I was in an accident and am now being offered money to pay my medical bills, should I take it?
That depends on what you are actually being offered. Will the offer cover all your incurred and projected medical expenses, lost wages, travel expenses? What about your pain and suffering from the accident? Determining what a fair settlement is can be a complex process. Before you accept an offer, you should contact an experienced personal injury attorney who can help you build a strong and persuasive case using their experience to skillfully negotiate with the insurance company to receive the full compensation your case deserves.
I’ve heard Foreign Divorces are much cheaper and easier.

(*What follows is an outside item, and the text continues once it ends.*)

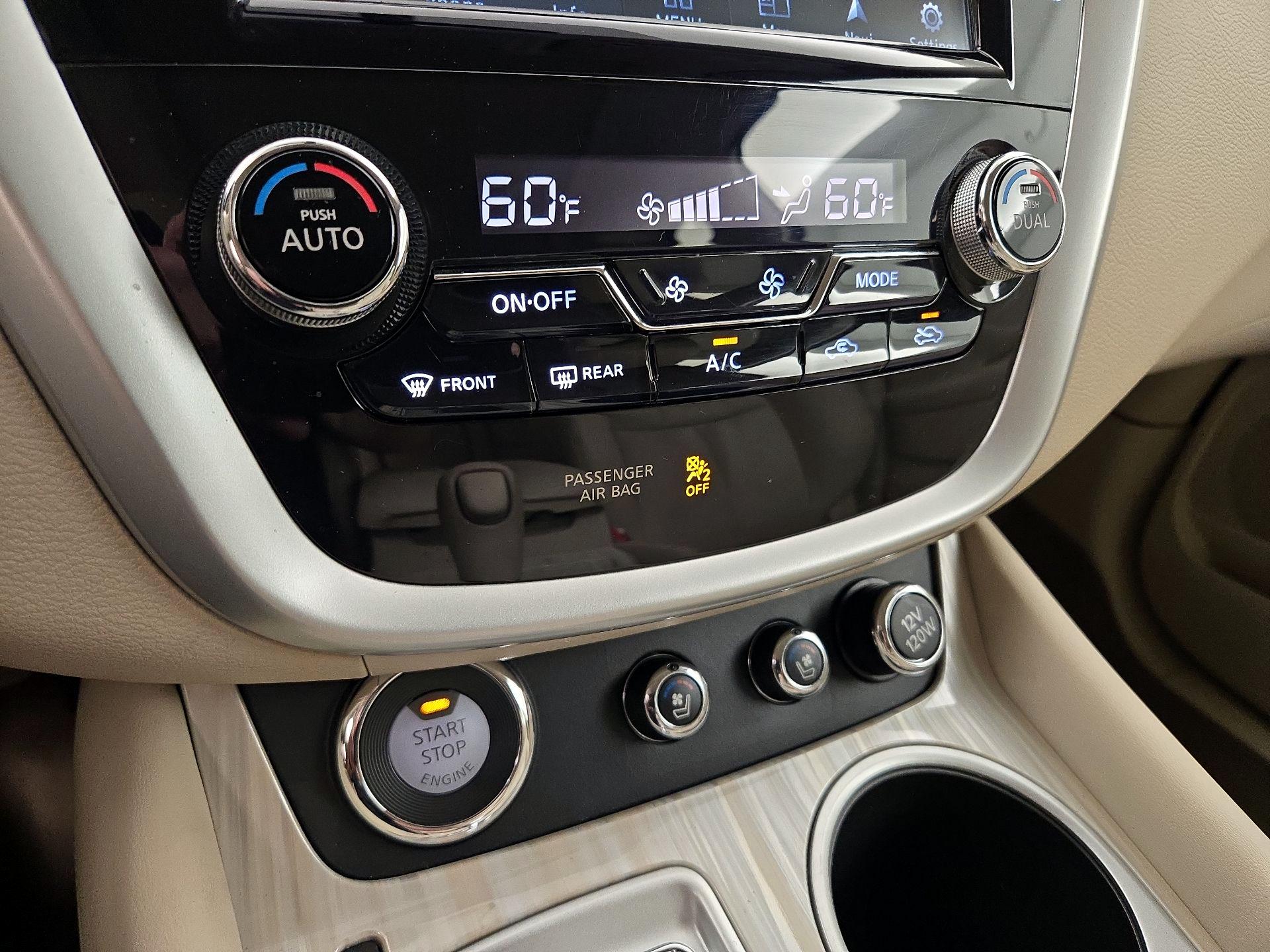 Thumbnail: 2016 Nissan Murano - 17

Why wouldn't someone in the military take advantage of this option?
You can get divorces quickly in Mexico, the Dominican Republic, among other places. Getting a divorce where you or your spouse have not established domicile will cost you much more when you have to hire a lawyer to make your divorce legal. Per the U.S. Supreme Court, only a divorce granted in the state which one or both individuals have established legal residence has the jurisdiction to issue such a decree. You wouldn't want to be in the position of committing bigamy after getting re-married because your first marriage wasn't properly ended. I can assist you with a legal Virginia divorce decree while protecting your military benefits.
The driver that hit me received a DUI, can I sue the bar that he was at prior to driving into me?
Not in Virginia. In order to hold a person or a business who serves alcohol responsible for the actions of an intoxicated person, you would have to be in a State that followed Dram Shop Liability laws. Virginia is one of only a few states that do not follow such laws. (Dram refers to the old term by which alcohol was measured). While states like Virginia feel the individual should be responsible for their own actions, there are many organizations like MADD (Mothers Against Drunk Drivers) that argue these laws reduce alcohol-related crashes and serve a similar purpose of responsibility to the establishment that did not reasonably cut them off when obviously drunk or call them a cab.
My Spouse is in the military and deployed; will this delay our divorce proceedings?
The Servicemember's Civil Relief Act allows suspension of a civil action involving deployed service members until they are home and able to fairly participate. However, servicemembers can waive their right to delay proceedings, thereby allowing the finalization of your divorce while they are deployed.